家族協定、そして株式会社化 〜魅せる酪農・見せられる酪農〜

酪農は生き物の乳牛が相手ですから、365日休むことなく乳牛の世話をして、生乳を搾らなければなりません。

谷牧場は、八木町で初の家族協定を結び、給料制を導入しました。これにより、父・啓司さん、母・幸さん、学さんそれぞれの仕事の分担と責任が明確になりました。

そして、2017年には将来を見据えて株式会社化し、学さんが代表取締役となりました。現在は、学さんご夫婦、母・幸さん、従業員の小島さんの4人で仕事を分担しています。

学さん:乳牛管理、繁殖、糞尿処理、搾乳、酪農教育ファーム等
妻・光美さん:搾乳、子牛の哺乳のメイン担当
母・幸さん:経理、酪農ファーム
小島さん:牛舎作業全般
学さんは、職場の雰囲気づくりに、いつも気を付けているそうです。
仕事が楽しいと思ってもらうためには、「話しやすい雰囲気作りとコミュニケーションが大切。だから、自分は監督というよりも、キャプテンでありたいと思っている。そして労働環境の改善も今後の課題」。
こうした環境の中、従業員の小島さんは9年目を迎え、免許をもっていない大型車の運転以外は、牛舎作業全般をはじめ、牛の買い付けまで何でもこなされているそうです。

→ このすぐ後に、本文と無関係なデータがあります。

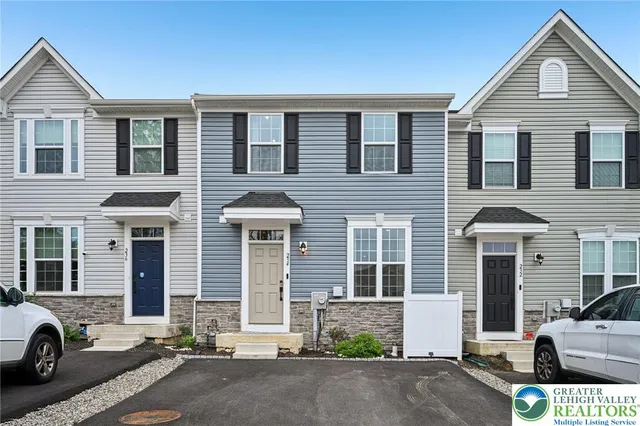 a front view of a house with a parking space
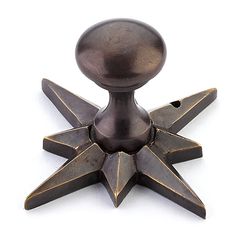 a metal object with four pointed stars on it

谷牧場での仕事は、午前は6時〜10時、午後は16時30分〜20時30分。

<午前>餌作り、搾乳準備開始
牛を8頭ダブルミルキングパーラー(一度に16頭搾乳できる搾乳施設)へ追い込み搾乳。空いた牛舎の掃除と敷き料(木くず)を敷く、子牛の哺乳、パーラーの洗浄など
糞尿を八木バイオエコロジセンターへ運搬

<午後>餌作り、搾乳など

朝はどうしても3人、夜は2人必要で、牛は決まった時間に搾乳することも大事なことですから休めません。休みをどう確保するのか。どの酪農家さんにとっても切実な問題です。

学さんは、農協青年部の役員などでも多忙、母・幸さんも近くの「氷室の郷」でのお手伝いなど酪農以外の地域での活動を積極的にされています。朝と晩を一日単位とした有料の酪農ヘルパーを月に8回程度利用することで、気持ちにも余裕ができます。

学さんが中学や高校生の頃、弟・正人さんと一緒に両親に休みを取ってもらうために牛舎の手伝いをしたのと同じように、今では2人のお子さん達も、搾乳の仕事を手伝ってくれます。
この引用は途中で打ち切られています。